Kerstin Münstermann von der Rheinischen Post bleibt lange blass in dieser Runde. Doch als es daran geht, der „Liberalen“ oder auch dem Kanzler die Leviten zu lesen, läuft sie zu besserer Form auf. Für Olaf Scholz sei die Europameisterschaft nur ein willkommener Anlass der Ablenkung, damit er „noch ein bisschen weiterwurschteln kann“. Und Strack-Zimmermann habe mit ihrer Art viel Schaden angerichtet, vor allem „als Vorsitzende des Verteidigungsausschusses, was ja eher etwas Verbindendes haben sollte.“ Auch all die sofa-strategische Mutmaßungen zum Ukraine-Krieg kann Münstermann überhaupt nicht nachvollziehen: „Sie sind sich immer so verdammt sicher. Da kriege ich immer so ein Störgefühl.“

Es sieht schlecht aus für Strack-Zimmermann an diesem Abend, und es kommt noch dicker. Schon zur Eröffnung des Abends hatte Lanz einen alten Vergleich hervorgeholt. Die FDP-Silberrückende sei „wie das Sturmgewehr G36: schießt viel, hat aber Präzisionsprobleme bei Überhitzung.“ Jetzt erinnert er sie nochmals an ihre grotesk wirkenden EU-Wahlplakate. Stra-Zi war in dermaßen viele Fettnäpfchen, oder wäre Fettbottiche passender? – gelatscht, dass sogar die eigenen Parteifreunde stöhnten. Wie sie nun versucht, ihre Fehltritte zu verteidigen, ist schon einigermaßen bemerkenswert. Dass etwa „Oma Courage“ mit Mutter Courage verglichen wurde, „fand ich weit hergeholt“. Das sagt sie allen Ernstes! Und erklärt: „Ich bin eine Großmutter, ich bin streitbar.“ Aus Lanz platzt es heraus: „Also bitte!“

Stichwort „Eurofighterin“. Strack-Zimmermann: „Ich fand das super!“ Lanz kann es nicht fassen: „Es spielt mit der Kriegsrhetorik!“ Nein, das sieht sie ganz anders. Dritter Punkt: Dass sie dem Kanzler autistische Züge unterstellte, fand Lanz „dann irgendwann drüber, Sie auch?“ Und? Nein, natürlich nicht, beteuert Stra-Zi. „Ich habe extrem viel Zuspruch bekommen.“ In welcher Bubble lebt diese Dame? Und wie groß ist diese Bubble, wenn ihr Mann in der Kneipe hockt?

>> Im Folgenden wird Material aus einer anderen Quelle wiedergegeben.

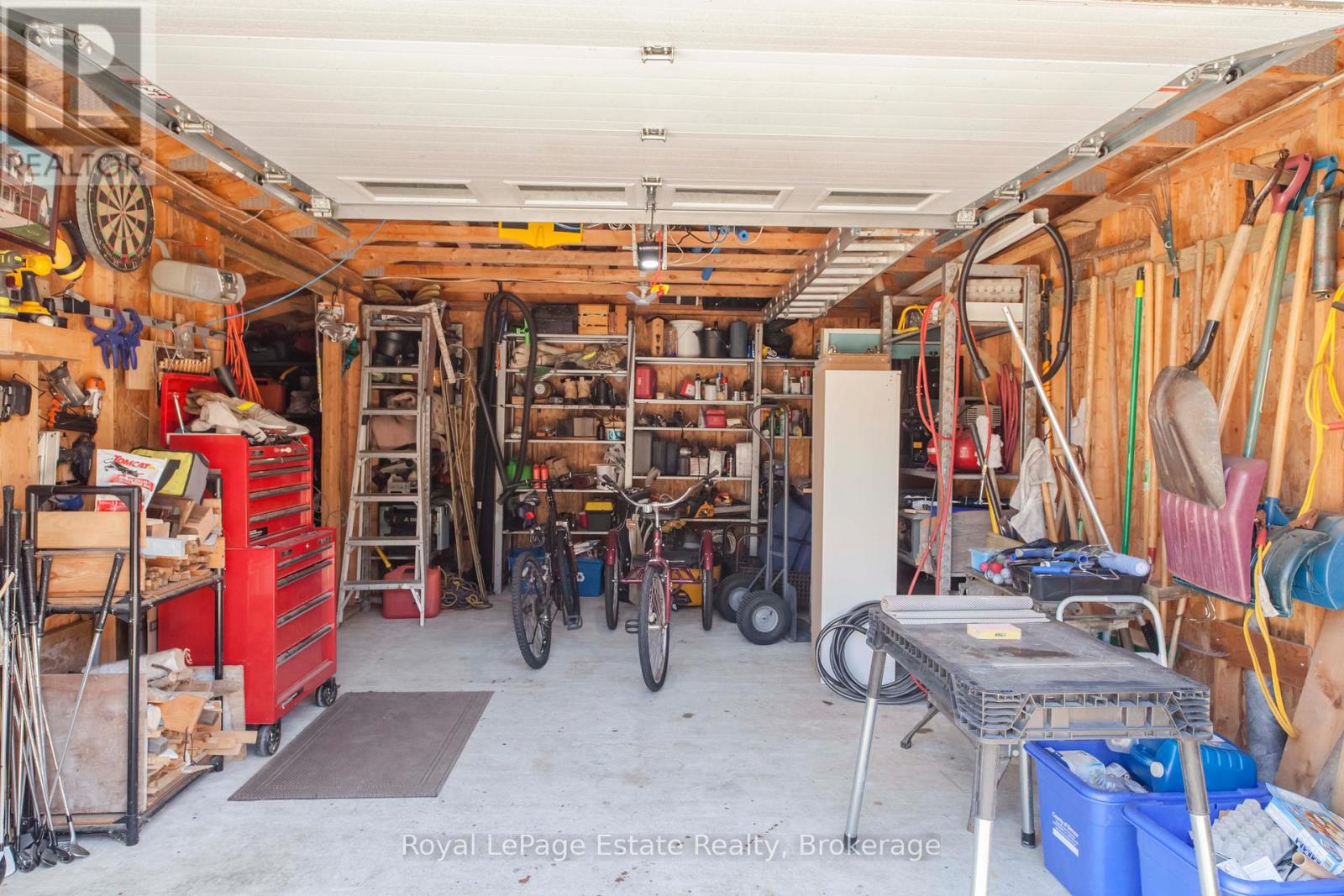 204 Seventh Street N, South Bruce Peninsula, Ontario  N0H 2G0 - Photo 45 - X12877866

Dass sie sich nach dem üblen Vergleich ausgerechnet bei allen Autisten entschuldigte, aber nie bei Olaf Scholz, klopft Lanz auch noch einmal durch. „Nein“, sagt sie, „weil ich schon bei klarem Gedanken bin, wenn ich was sage.“ Immerhin, eines ist ihr bewusst: „Ich glaube dass ich ihm tierisch auf den Keks gehe“. Lanz wirft trocken ein: „Das ‚glauben‘ können Sie weglassen.“

Die Politikerin, die monatlich bisweilen hunderte Privatleute wegen vermeintlicher Beleidigungen juristisch verfolgt, zeigt sich den ganzen Abend über gewohnt biestig. „Oma Courage“ macht Lanz zu schaffen. Irgendwann sagt er resigniert: „Sie machen Ihren Eurofighter. Klingt wie Egoshooter.“

Ja, so klingt es. Und der Zuschauer denkt: Wie schön hätte der Abend mit dem guten Jupp Heynckes werden können. Frisur hin oder her.